Trump repeated many of those same points Tuesday afternoon as his guests waited for him to finish so they could eat lunch.

He mentioned the “caravan” 10 times, called the North American Free Trade Agreement “a cash cow” for Mexico and took swipes at both Obama and “crooked Hillary Clinton.” He announced that he plans to send members of the military to the southern border, an apparent surprise to many Pentagon officials. It took the White House six hours to compose an explanation and announce that the administration plans to mobilize the National Guard.

“We’re going to be doing some things militarily,” Trump said while answering the question about the stock market and the brewing trade war with China. “Until we can have a wall and proper security, we’re going to be guarding our border with the military. That’s a big step.”

White House staffers tried a second time to lead reporters out of the room, but the president latched onto a question about the caravan. They tried a third time, but the president responded to a question related to his foreign guests. A fourth time, and he responded to a question about Russia’s president: “Do you want Vladimir Putin to come to the White House, sir?”

“Ideally, we want to be able to get along with Russia,” Trump said, without acknowledging the long-standing threat Russia poses to the Baltic countries represented by his guests. “Getting along with Russia is a good thing, not a bad thing. Now, maybe we will and maybe we won’t. And probably nobody has been tougher to Russia than Donald Trump.”

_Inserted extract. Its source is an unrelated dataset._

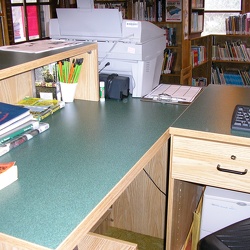 New Desk at Algansee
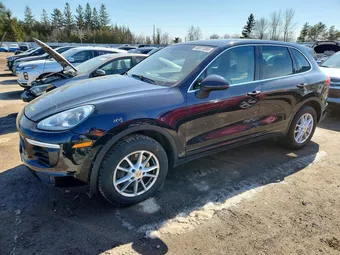 2016 Porsche Cayenne WP1AA2A29GKA14943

The president continued to refer to himself in the third person: “The three presidents just told me that NATO is taking in a tremendous amount of money because of Donald Trump. That would have never happened. So NATO is much stronger.”

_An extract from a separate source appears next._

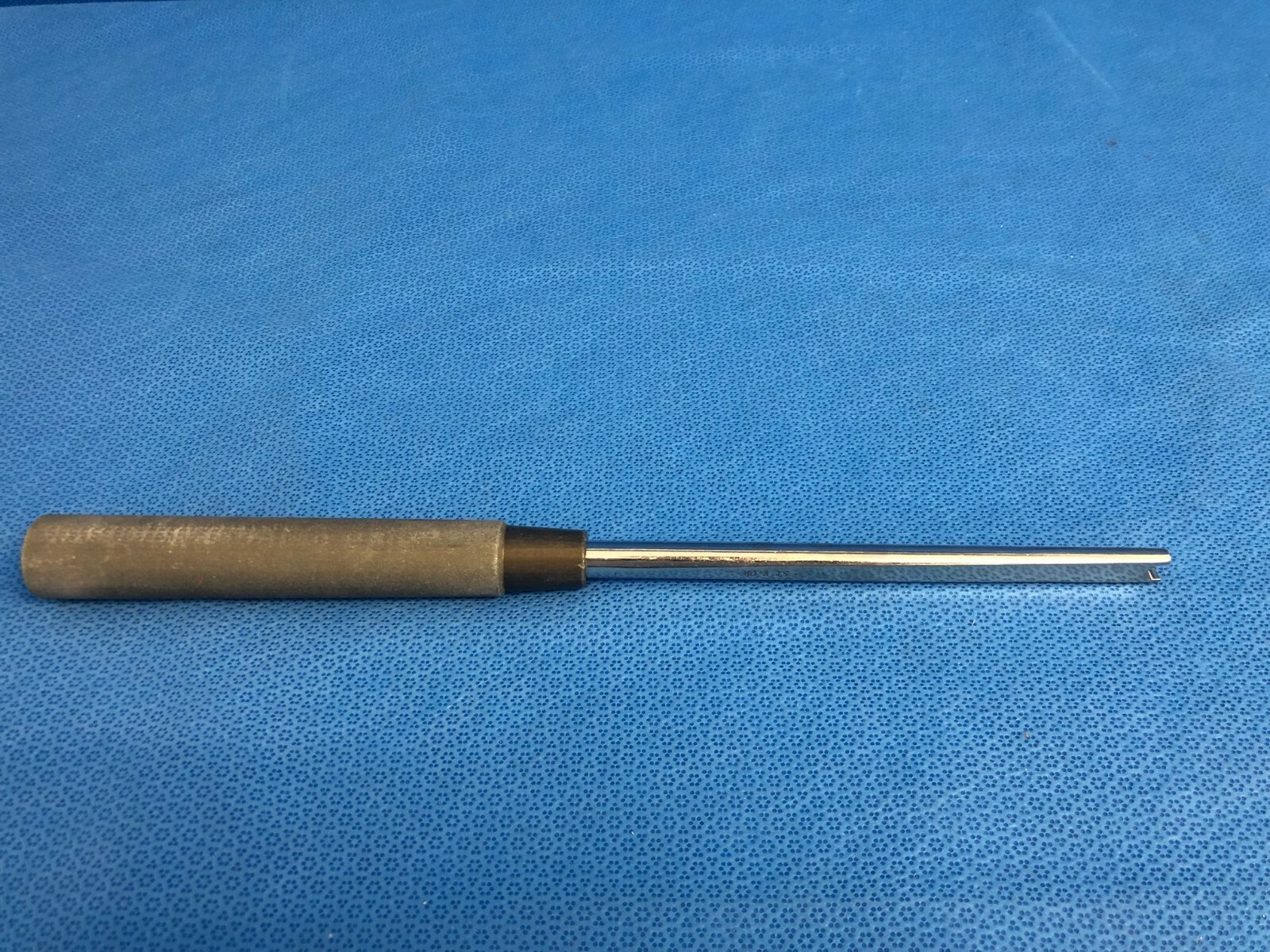 Medtronic Danek 808-521 Rod Pusher, 8mm Opening, 14½” L, 30 day warranty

Trump instructed one of his guests, Lithuanian President Dalia Grybauskaite, to praise him on camera, just as he said she had done privately in the Oval Office. She obliged, saying changes to NATO would not be possible without the United States and that its “vital voice and vital leadership” are important.

Trump pressed her: “And has Donald Trump made a difference on NATO?”

Those in the room laughed, as she confirmed he has made a difference. As she continued to speak, Trump cut her off.

“And, again, NATO has taken in billions of dollars more because of me, because I said, ‘You’re delinquent, you’re not paying,’ to many of the countries,” Trump said. “Is that right? Many of the countries weren’t paying.”

He later continued: “Because of me . . . many billions of dollars more than they would have had if you had crooked Hillary Clinton as president. Okay? That I can tell you.”

A reporter asked if Trump considers Putin “a friend or a foe,” and Trump responded: “We’ll find out. I’ll let you know. . . . We’ll see what happens.”

For a fifth time, White House staffers tried to end this impromptu news conference, but then the president responded to a question about the Baltic states. They tried a sixth time, but the president could not resist another query: “Is it Amazon or The Washington Post, sir? What’s Amazon done that bugs you, sir?”

On the seventh try, reporters began to inch out of the room — and Trump responded to a final question about Environmental Protection Agency Administrator Scott Pruitt, who is accused of bypassing the White House to give his aides massive raises, among other irregularities.

“I hope he’s going to be great,” Trump said, even though his aides have said Pruitt’s job is in jeopardy.

“Time to go, guys,” a White House staffer said, finally herding the reporters out of the room. Another coaxed: “Please move along. Please move along. Please move along now.”

“Thank you, everybody,” Trump shouted after them. “Thank you.”